Brief descriptive captions:
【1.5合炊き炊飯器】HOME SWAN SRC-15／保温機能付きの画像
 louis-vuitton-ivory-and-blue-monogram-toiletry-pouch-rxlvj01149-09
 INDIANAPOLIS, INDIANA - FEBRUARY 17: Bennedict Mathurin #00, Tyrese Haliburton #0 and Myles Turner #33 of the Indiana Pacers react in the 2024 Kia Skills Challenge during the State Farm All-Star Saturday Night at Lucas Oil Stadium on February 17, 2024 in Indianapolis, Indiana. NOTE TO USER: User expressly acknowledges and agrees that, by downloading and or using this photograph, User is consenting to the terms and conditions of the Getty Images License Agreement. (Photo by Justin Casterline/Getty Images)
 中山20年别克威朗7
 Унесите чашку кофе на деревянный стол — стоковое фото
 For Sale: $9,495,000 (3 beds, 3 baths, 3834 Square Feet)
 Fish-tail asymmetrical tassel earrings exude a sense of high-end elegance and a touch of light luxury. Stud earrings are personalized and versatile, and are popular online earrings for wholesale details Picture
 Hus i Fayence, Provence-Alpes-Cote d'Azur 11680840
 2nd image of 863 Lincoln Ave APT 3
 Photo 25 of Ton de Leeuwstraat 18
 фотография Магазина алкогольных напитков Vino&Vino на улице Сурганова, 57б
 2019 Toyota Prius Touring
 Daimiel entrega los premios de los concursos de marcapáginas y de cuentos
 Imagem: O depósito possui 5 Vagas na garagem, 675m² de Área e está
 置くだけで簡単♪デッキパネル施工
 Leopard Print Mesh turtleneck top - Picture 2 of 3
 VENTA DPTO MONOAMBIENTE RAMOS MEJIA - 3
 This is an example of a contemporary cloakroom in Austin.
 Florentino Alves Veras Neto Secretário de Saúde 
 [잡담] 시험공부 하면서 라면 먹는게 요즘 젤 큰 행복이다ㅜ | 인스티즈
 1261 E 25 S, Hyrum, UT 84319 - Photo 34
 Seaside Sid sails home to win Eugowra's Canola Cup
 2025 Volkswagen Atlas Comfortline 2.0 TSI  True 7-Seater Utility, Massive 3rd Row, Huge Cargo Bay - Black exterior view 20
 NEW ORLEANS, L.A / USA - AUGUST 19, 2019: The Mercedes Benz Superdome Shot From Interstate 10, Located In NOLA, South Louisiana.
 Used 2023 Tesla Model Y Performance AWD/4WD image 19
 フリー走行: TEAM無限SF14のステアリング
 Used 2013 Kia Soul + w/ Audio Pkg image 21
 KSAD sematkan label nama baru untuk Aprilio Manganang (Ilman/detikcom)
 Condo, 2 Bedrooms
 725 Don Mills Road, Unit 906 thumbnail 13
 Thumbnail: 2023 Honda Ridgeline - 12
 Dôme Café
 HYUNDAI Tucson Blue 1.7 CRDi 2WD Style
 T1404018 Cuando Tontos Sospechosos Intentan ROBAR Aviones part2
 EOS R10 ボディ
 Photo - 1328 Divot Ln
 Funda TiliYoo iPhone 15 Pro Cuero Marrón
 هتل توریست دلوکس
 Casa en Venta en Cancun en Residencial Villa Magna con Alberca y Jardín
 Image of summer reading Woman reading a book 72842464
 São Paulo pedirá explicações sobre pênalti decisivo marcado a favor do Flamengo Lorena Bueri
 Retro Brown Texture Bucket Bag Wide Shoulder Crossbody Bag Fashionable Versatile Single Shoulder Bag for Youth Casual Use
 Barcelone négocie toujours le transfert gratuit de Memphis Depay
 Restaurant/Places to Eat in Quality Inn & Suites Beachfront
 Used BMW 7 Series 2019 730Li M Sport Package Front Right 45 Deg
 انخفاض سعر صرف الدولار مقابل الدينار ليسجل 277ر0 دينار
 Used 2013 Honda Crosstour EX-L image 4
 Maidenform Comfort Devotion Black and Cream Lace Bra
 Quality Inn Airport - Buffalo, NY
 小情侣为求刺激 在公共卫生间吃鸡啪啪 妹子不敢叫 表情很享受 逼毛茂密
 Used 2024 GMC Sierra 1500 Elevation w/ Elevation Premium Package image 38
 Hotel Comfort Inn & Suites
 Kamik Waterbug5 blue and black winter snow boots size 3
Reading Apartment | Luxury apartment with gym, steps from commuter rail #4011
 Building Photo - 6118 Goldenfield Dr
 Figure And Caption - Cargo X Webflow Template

What to produce:
Please return the records above exactly as they are written.

Result for this task:
【1.5合炊き炊飯器】HOME SWAN SRC-15／保温機能付きの画像
 louis-vuitton-ivory-and-blue-monogram-toiletry-pouch-rxlvj01149-09
 INDIANAPOLIS, INDIANA - FEBRUARY 17: Bennedict Mathurin #00, Tyrese Haliburton #0 and Myles Turner #33 of the Indiana Pacers react in the 2024 Kia Skills Challenge during the State Farm All-Star Saturday Night at Lucas Oil Stadium on February 17, 2024 in Indianapolis, Indiana. NOTE TO USER: User expressly acknowledges and agrees that, by downloading and or using this photograph, User is consenting to the terms and conditions of the Getty Images License Agreement. (Photo by Justin Casterline/Getty Images)
 中山20年别克威朗7
 Унесите чашку кофе на деревянный стол — стоковое фото
 For Sale: $9,495,000 (3 beds, 3 baths, 3834 Square Feet)
 Fish-tail asymmetrical tassel earrings exude a sense of high-end elegance and a touch of light luxury. Stud earrings are personalized and versatile, and are popular online earrings for wholesale details Picture
 Hus i Fayence, Provence-Alpes-Cote d'Azur 11680840
 2nd image of 863 Lincoln Ave APT 3
 Photo 25 of Ton de Leeuwstraat 18
 фотография Магазина алкогольных напитков Vino&Vino на улице Сурганова, 57б
 2019 Toyota Prius Touring
 Daimiel entrega los premios de los concursos de marcapáginas y de cuentos
 Imagem: O depósito possui 5 Vagas na garagem, 675m² de Área e está
 置くだけで簡単♪デッキパネル施工
 Leopard Print Mesh turtleneck top - Picture 2 of 3
 VENTA DPTO MONOAMBIENTE RAMOS MEJIA - 3
 This is an example of a contemporary cloakroom in Austin.
 Florentino Alves Veras Neto Secretário de Saúde 
 [잡담] 시험공부 하면서 라면 먹는게 요즘 젤 큰 행복이다ㅜ | 인스티즈
 1261 E 25 S, Hyrum, UT 84319 - Photo 34
 Seaside Sid sails home to win Eugowra's Canola Cup
 2025 Volkswagen Atlas Comfortline 2.0 TSI  True 7-Seater Utility, Massive 3rd Row, Huge Cargo Bay - Black exterior view 20
 NEW ORLEANS, L.A / USA - AUGUST 19, 2019: The Mercedes Benz Superdome Shot From Interstate 10, Located In NOLA, South Louisiana.
 Used 2023 Tesla Model Y Performance AWD/4WD image 19
 フリー走行: TEAM無限SF14のステアリング
 Used 2013 Kia Soul + w/ Audio Pkg image 21
 KSAD sematkan label nama baru untuk Aprilio Manganang (Ilman/detikcom)
 Condo, 2 Bedrooms
 725 Don Mills Road, Unit 906 thumbnail 13
 Thumbnail: 2023 Honda Ridgeline - 12
 Dôme Café
 HYUNDAI Tucson Blue 1.7 CRDi 2WD Style
 T1404018 Cuando Tontos Sospechosos Intentan ROBAR Aviones part2
 EOS R10 ボディ
 Photo - 1328 Divot Ln
 Funda TiliYoo iPhone 15 Pro Cuero Marrón
 هتل توریست دلوکس
 Casa en Venta en Cancun en Residencial Villa Magna con Alberca y Jardín
 Image of summer reading Woman reading a book 72842464
 São Paulo pedirá explicações sobre pênalti decisivo marcado a favor do Flamengo Lorena Bueri
 Retro Brown Texture Bucket Bag Wide Shoulder Crossbody Bag Fashionable Versatile Single Shoulder Bag for Youth Casual Use
 Barcelone négocie toujours le transfert gratuit de Memphis Depay
 Restaurant/Places to Eat in Quality Inn & Suites Beachfront
 Used BMW 7 Series 2019 730Li M Sport Package Front Right 45 Deg
 انخفاض سعر صرف الدولار مقابل الدينار ليسجل 277ر0 دينار
 Used 2013 Honda Crosstour EX-L image 4
 Maidenform Comfort Devotion Black and Cream Lace Bra
 Quality Inn Airport - Buffalo, NY
 小情侣为求刺激 在公共卫生间吃鸡啪啪 妹子不敢叫 表情很享受 逼毛茂密
 Used 2024 GMC Sierra 1500 Elevation w/ Elevation Premium Package image 38
 Hotel Comfort Inn & Suites
 Kamik Waterbug5 blue and black winter snow boots size 3
Reading Apartment | Luxury apartment with gym, steps from commuter rail #4011
 Building Photo - 6118 Goldenfield Dr
 Figure And Caption - Cargo X Webflow Template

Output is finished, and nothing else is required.